Unread post by Seto Kaiba »

glitterboy2098 wrote:he meant that, for example, a ferrari and a yugo both have the same instruments and controls, just in different places. so if you know how to drive one, you can drive the other. even cars from the same manufacturer, but different models, may have instruments and secondary controls in different places.

earth mecha are likely the same.. [...]

WRT the actual designs seen in the series and the line art for same, this doesn't appear to be the case for the mecha that appear in Robotech. Bear ye in mind, the car analogy is a faulty one because the controls to actually drive a car are pretty much standard the world over. It's only minor or secondary feature content we see vary among lines or brands, like the position of the headlamp switch or wiper controls. As I see it, this's a difference in control configuration and operating method that's more in line with trying to switch from driving a sportscar to driving a main battle tank.
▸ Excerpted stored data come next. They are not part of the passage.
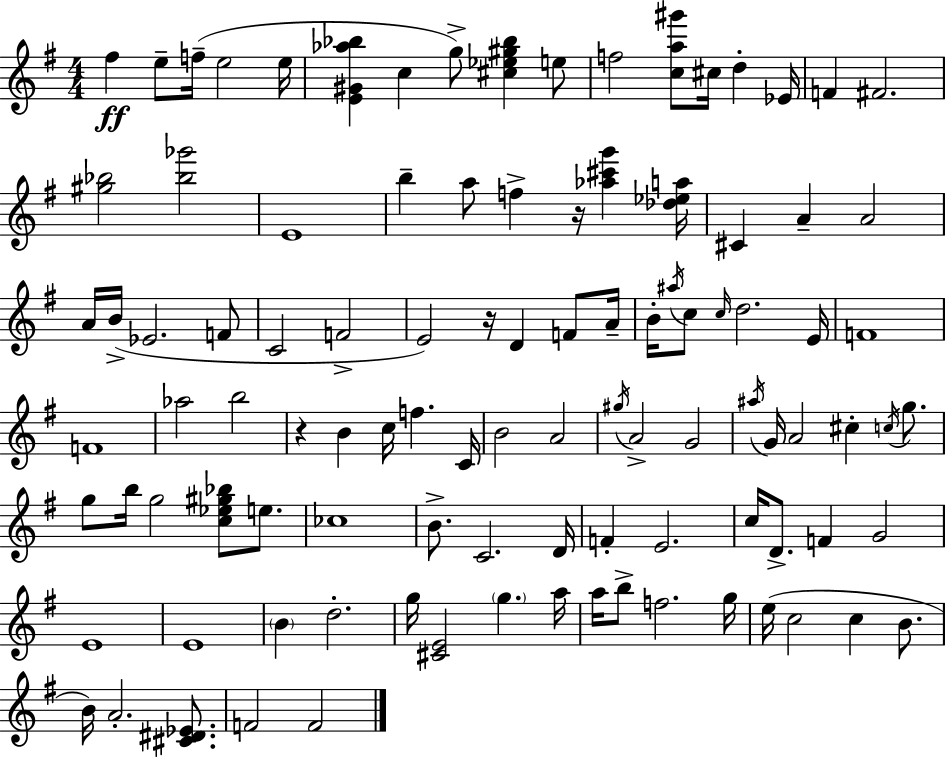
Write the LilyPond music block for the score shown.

{
  \clef treble
  \numericTimeSignature
  \time 4/4
  \key g \major
  \repeat volta 2 { fis''4\ff e''8-- f''16--( e''2 e''16 | <e' gis' aes'' bes''>4 c''4 g''8->) <cis'' ees'' gis'' bes''>4 e''8 | f''2 <c'' a'' gis'''>8 cis''16 d''4-. ees'16 | f'4 fis'2. | \break <gis'' bes''>2 <bes'' ges'''>2 | e'1 | b''4-- a''8 f''4-> r16 <aes'' cis''' g'''>4 <des'' ees'' a''>16 | cis'4 a'4-- a'2 | \break a'16 b'16->( ees'2. f'8 | c'2 f'2-> | e'2) r16 d'4 f'8 a'16-- | b'16-. \acciaccatura { ais''16 } c''8 \grace { c''16 } d''2. | \break e'16 f'1 | f'1 | aes''2 b''2 | r4 b'4 c''16 f''4. | \break c'16 b'2 a'2 | \acciaccatura { gis''16 } a'2-> g'2 | \acciaccatura { ais''16 } g'16 a'2 cis''4-. | \acciaccatura { c''16 } g''8. g''8 b''16 g''2 | \break <c'' ees'' gis'' bes''>8 e''8. ces''1 | b'8.-> c'2. | d'16 f'4-. e'2. | c''16 d'8.-> f'4 g'2 | \break e'1 | e'1 | \parenthesize b'4 d''2.-. | g''16 <cis' e'>2 \parenthesize g''4. | \break a''16 a''16 b''8-> f''2. | g''16 e''16( c''2 c''4 | b'8. b'16) a'2.-. | <cis' dis' ees'>8. f'2 f'2 | \break } \bar "|."
}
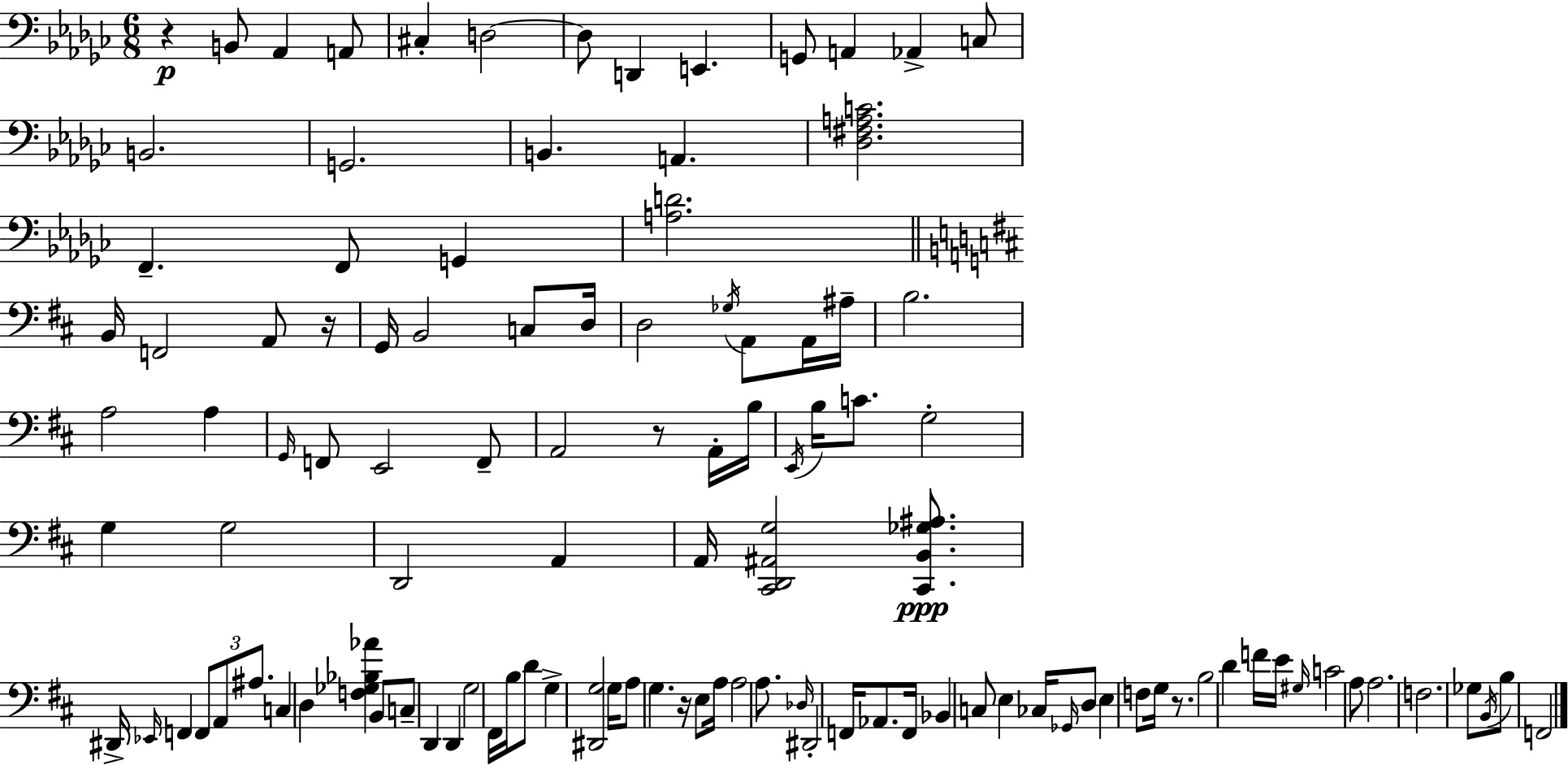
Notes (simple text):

R/q B2/e Ab2/q A2/e C#3/q D3/h D3/e D2/q E2/q. G2/e A2/q Ab2/q C3/e B2/h. G2/h. B2/q. A2/q. [Db3,F#3,A3,C4]/h. F2/q. F2/e G2/q [A3,D4]/h. B2/s F2/h A2/e R/s G2/s B2/h C3/e D3/s D3/h Gb3/s A2/e A2/s A#3/s B3/h. A3/h A3/q G2/s F2/e E2/h F2/e A2/h R/e A2/s B3/s E2/s B3/s C4/e. G3/h G3/q G3/h D2/h A2/q A2/s [C#2,D2,A#2,G3]/h [C#2,B2,Gb3,A#3]/e. D#2/s Eb2/s F2/q F2/e A2/e A#3/e. C3/q D3/q [F3,Gb3,Bb3,Ab4]/q B2/e C3/e D2/q D2/q G3/h F#2/s B3/s D4/e G3/q [D#2,G3]/h G3/s A3/e G3/q. R/s E3/e A3/s A3/h A3/e. Db3/s D#2/h F2/s Ab2/e. F2/s Bb2/q C3/e E3/q CES3/s Gb2/s D3/e E3/q F3/e G3/s R/e. B3/h D4/q F4/s E4/s G#3/s C4/h A3/e A3/h. F3/h. Gb3/e B2/s B3/e F2/h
In theory, the principles are similar enough that basic experience as a car driver would let you not make a complete arse of yourself in the tank, but the controls, the handling, the capabilties, and the feature content are all radically different and would incur a rather sharp learning curve to operate safely.

Just look at the control differences between the TV series Valkyrie, Spartas, and Alpha. There's not much in the way of commonality there, particularly with the "middle child".
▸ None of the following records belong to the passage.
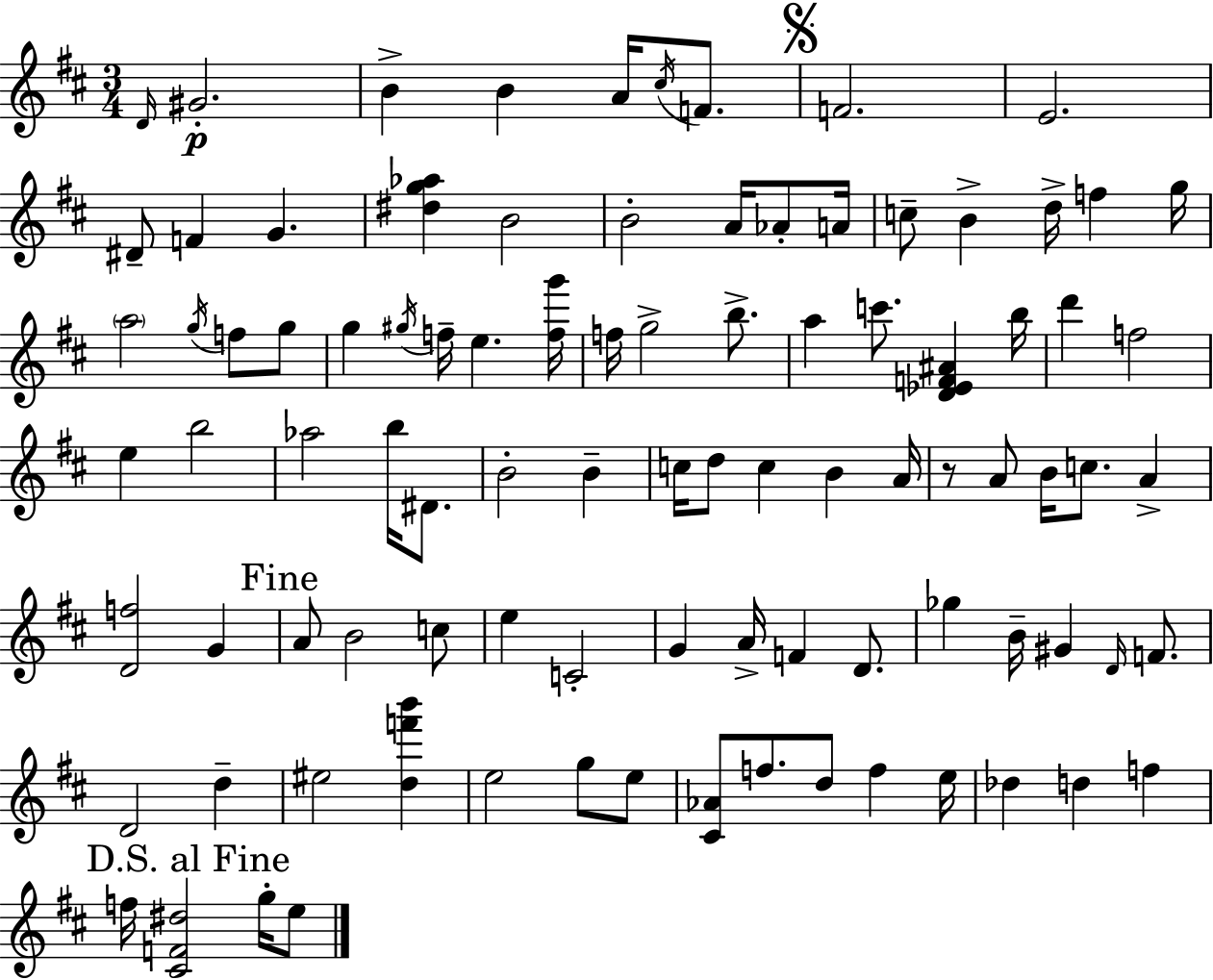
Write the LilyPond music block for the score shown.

{
  \clef treble
  \numericTimeSignature
  \time 3/4
  \key d \major
  \grace { d'16 }\p gis'2.-. | b'4-> b'4 a'16 \acciaccatura { cis''16 } f'8. | \mark \markup { \musicglyph "scripts.segno" } f'2. | e'2. | \break dis'8-- f'4 g'4. | <dis'' g'' aes''>4 b'2 | b'2-. a'16 aes'8-. | a'16 c''8-- b'4-> d''16-> f''4 | \break g''16 \parenthesize a''2 \acciaccatura { g''16 } f''8 | g''8 g''4 \acciaccatura { gis''16 } f''16-- e''4. | <f'' g'''>16 f''16 g''2-> | b''8.-> a''4 c'''8. <d' ees' f' ais'>4 | \break b''16 d'''4 f''2 | e''4 b''2 | aes''2 | b''16 dis'8. b'2-. | \break b'4-- c''16 d''8 c''4 b'4 | a'16 r8 a'8 b'16 c''8. | a'4-> <d' f''>2 | g'4 \mark "Fine" a'8 b'2 | \break c''8 e''4 c'2-. | g'4 a'16-> f'4 | d'8. ges''4 b'16-- gis'4 | \grace { d'16 } f'8. d'2 | \break d''4-- eis''2 | <d'' f''' b'''>4 e''2 | g''8 e''8 <cis' aes'>8 f''8. d''8 | f''4 e''16 des''4 d''4 | \break f''4 \mark "D.S. al Fine" f''16 <cis' f' dis''>2 | g''16-. e''8 \bar "|."
}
Now, if we were talking Macross circa 2010+, I could readily agree with you because the subsequent generations of mecha developed after the first space war DID standardize controls to a great extent, which makes it easy for a pilot trained on one fighter (say, a VF-17 or VF-25) to hop into the cockpit of a different fighter altogether (say, a VF-19 or VF-171) and fight effectively with minimal adjustment (my examples here do appear in their respective series... Docker and Alto Saotome respectively).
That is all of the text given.